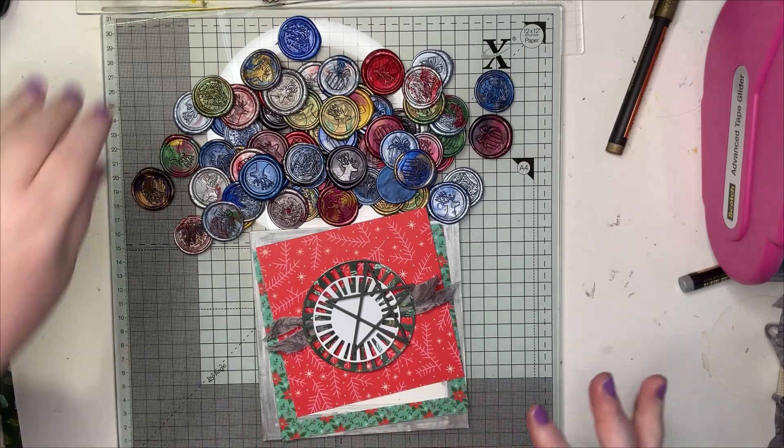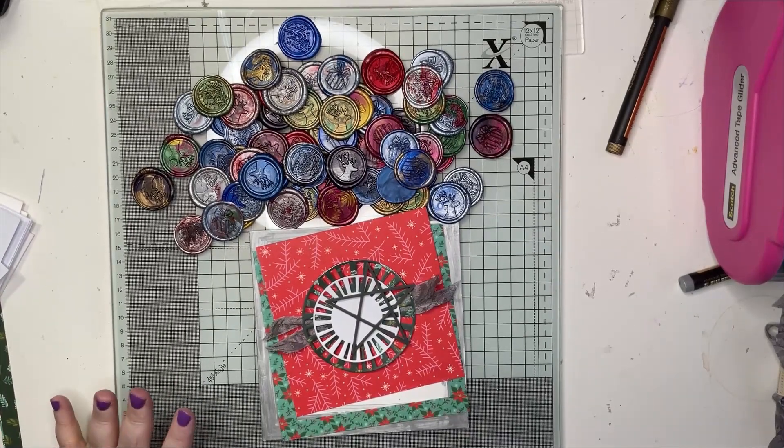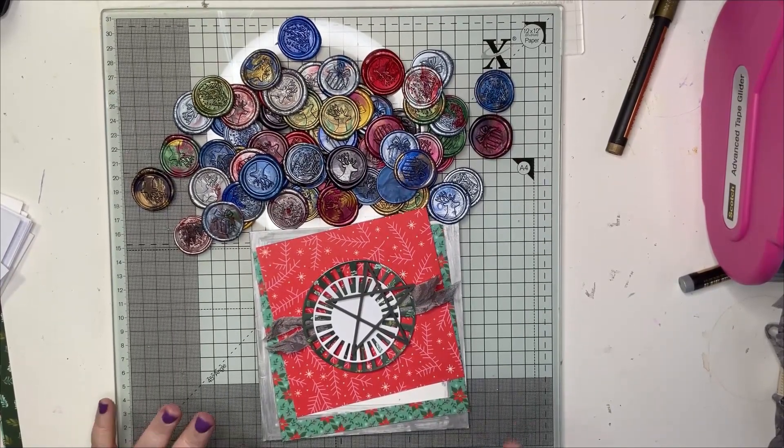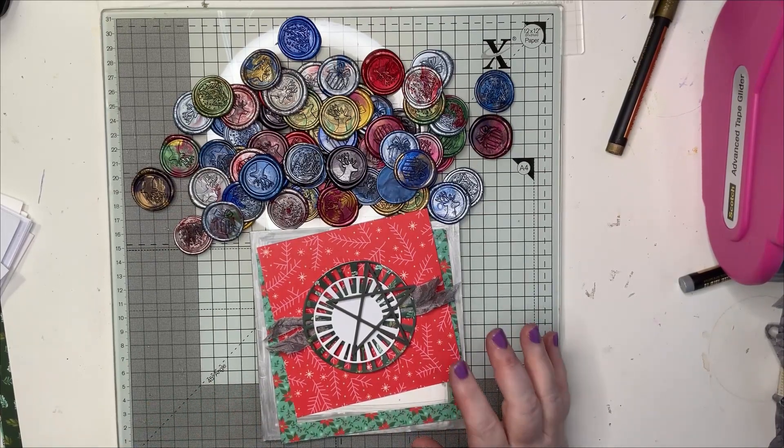The whole idea through November and December is trying to use up some older stash. I have lots of Mix and Mingle from Simple Stories left, so I thought that's what I'd use.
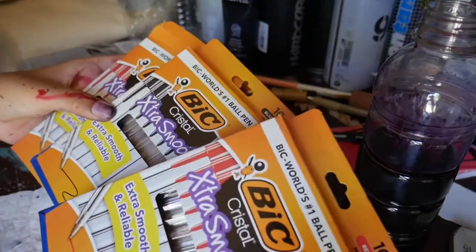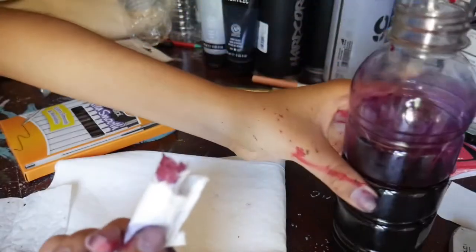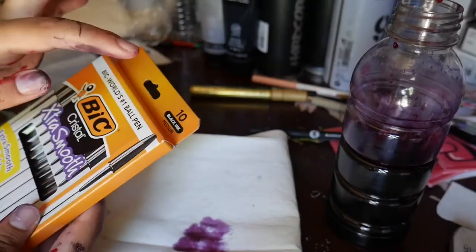I'm adding three packets of it. I have a little bit of paper to test it out — this is how dark it is, it's like a wine color. I want it a little bit darker because it's a little watery, so I'm adding more black so it could be a little bit darker.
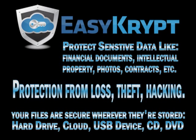EasyCrypt: protection for your sensitive files from loss, theft, and hacking, no matter where they are stored.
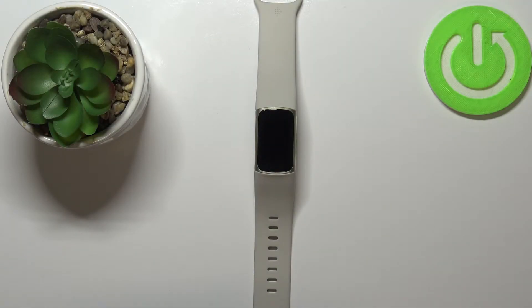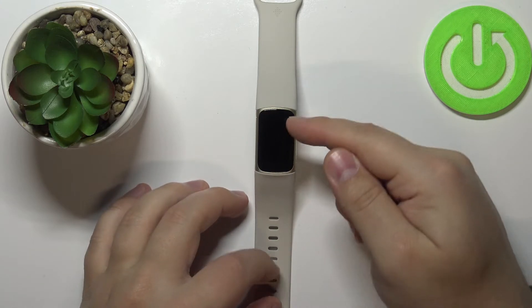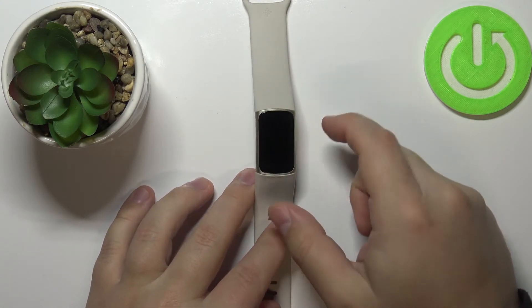Hi, in front of me I have the Fitbit Charge 5 and I'm going to show you how to enable the Do Not Disturb mode on this device. Let's start by waking up the screen on our smartband — to do it, simply double tap on the screen like this.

* Work instructions *
Retype all the data exactly, please, without pictures.

* Exercise solution *
The whole idea through November and December is trying to use up some older stash. I have lots of Mix and Mingle from Simple Stories left, so I thought that's what I'd use.
I'm adding three packets of it. I have a little bit of paper to test it out — this is how dark it is, it's like a wine color. I want it a little bit darker because it's a little watery, so I'm adding more black so it could be a little bit darker.
EasyCrypt: protection for your sensitive files from loss, theft, and hacking, no matter where they are stored.
Hi, in front of me I have the Fitbit Charge 5 and I'm going to show you how to enable the Do Not Disturb mode on this device. Let's start by waking up the screen on our smartband — to do it, simply double tap on the screen like this.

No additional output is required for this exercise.